Le fake news dei Simpson

Non sapevo se sarei riuscito a dare un punto di vista originale all’argomento delle fake news finché all’ora di pranzo non mi sono imbattuto in un vecchio episodio dei Simpson.

Per farla breve Homer, dopo aver acquistato un computer ultimo modello, decide di scrivere articoli d’inchiesta sui suoi concittadini. Quando la sua identità viene scoperta e nessuno parla più dei segreti in sua presenza, le visite sul suo sito internet calano drasticamente; in quel momento decide d’inventarsi gli articoli di sana pianta.

Immagino che verificare le fonti degli articoli fosse un problema già all’epoca in cui andò in onda l’episodio, ma l’aspetto che mi ha colpito è quando la vicenda si complica ulteriormente: Homer scopre che proprio una delle fake news che si è appena inventato di sana pianta è vera. Allora viene rapito e condotto su un’isola dove vengono tenute prigioniere altre persone che come lui hanno “scavato troppo a fondo”.

Homer vorrebbe tornare indietro, ma non può; inoltre al suo posto viene mandato un perfetto sosia, tradito solo da un marcato accento tedesco.

Insomma, isole deserte, complotti alla 007, sosia che lo impersonano: non è come se Homer avesse cominciato a vivere in una sua fantasia?

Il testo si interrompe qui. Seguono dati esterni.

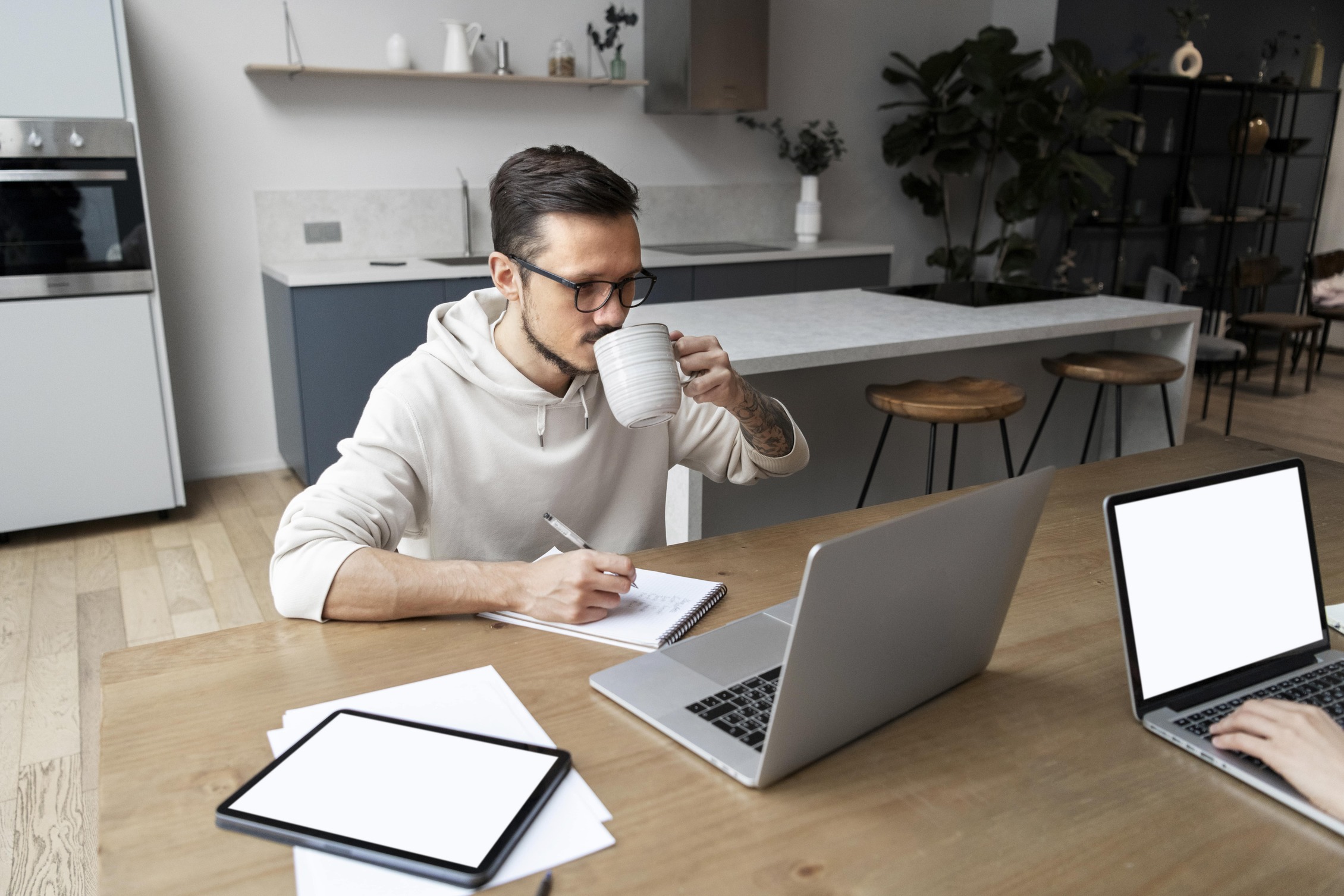 man-working-from-home-desk-while-having-drink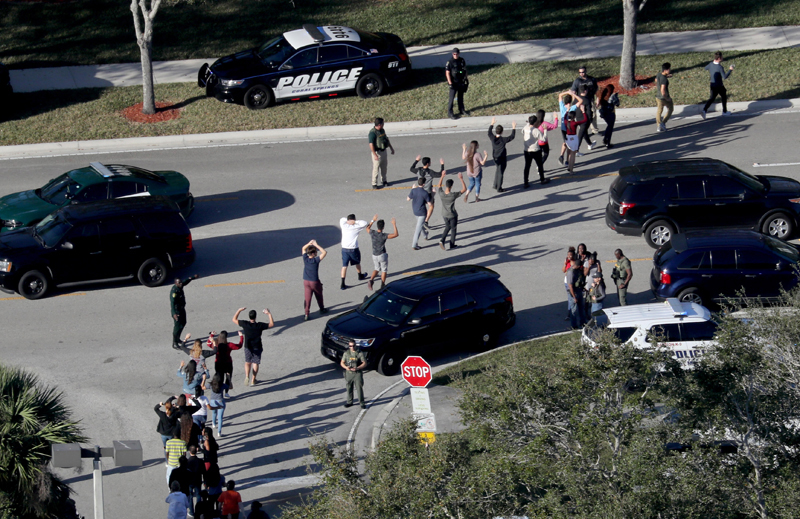 A photo shows a queue of teenagers walking with their hands raised. A Police car is parked on the roadside.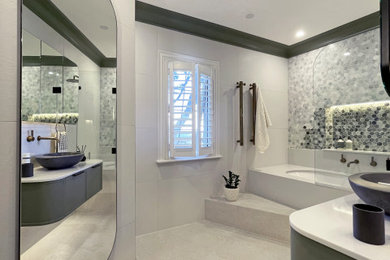 Large contemporary master bathroom in Sydney with shaker cabinets, green cabinets, an undermount tub, a shower/bathtub combo, a wall-mount toilet, white tile, porcelain tile, multi-coloured walls, porcelain floors, a vessel sink, engineered quartz benchtops, beige floor, a hinged shower door, white benchtops, a niche, a single vanity and a freestanding vanity.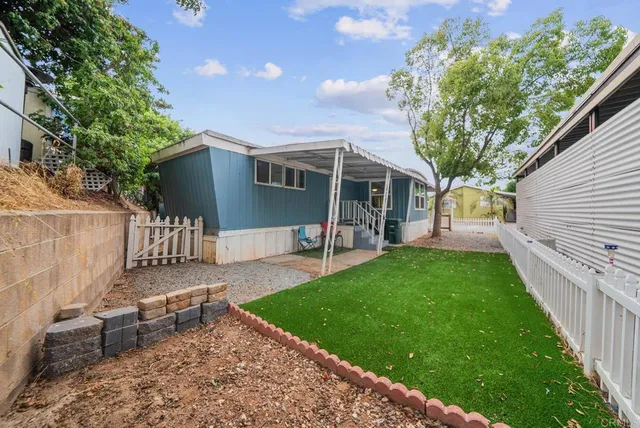 a view of a backyard with a patio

A quei tempi le fake news non erano un problema grave come oggi, perché l’accessibilità alla rete era minore e le persone erano influenzate in modo molto più marginale.

Sapete? Mi sono sempre chiesto cosa spinga le persone a creare fake news. Ponendo che chi scrive questi articoli non abbia un ritorno economico, cosa c’è a fondo di questo desiderio?

Penso che sia lo stesso che spinge persone che non si possono definire scrittori, a scrivere un libro. Quando le tue parole vengono lette e assorbite dalle altre persone, hai la prova di essere vivo ed esistere. Quello che pensi influenza gli altri, e anche se non ne trai un vantaggio economico o sociale è una sensazione che credo possa trasmettere euforia o un senso di appagamento. Naturalmente scovare notizie autentiche e verificarle è un processo che richiede tempo, energia e preparazione. Ma, una volta che si ha un dispositivo in grado di connettersi alla rete, neanche questo è un problema.

“Vieni a vivere nella mia fantasia”. Credo che molti autori di fake news, scrivendole, inconsciamente potrebbero pensare questo.

Portare le persone a condividere le proprie convinzioni in un mondo che in realtà non esiste può apparire agli autori come un gesto innocente: parlo della nostalgia di un mondo in cui bastava dire qualcosa perché gli altri ci credessero, e dove le conseguenze non erano mai troppo gravi.

È per questo che, ogni volta in cui che m’imbatto in una fake news, mi sembra che l’autore possa essere un bambino, o “un adulto infantile”. Può essere che questi autori pensino che, allo stesso modo in cui ce la si cavava con poco da bambini, anche in quel caso non ci saranno eccessive ripercussioni.

Proprio come alla fine di ogni episodio, i Simpson si dimenticano le vicende appena trascorse, pronti a ricominciare daccapo.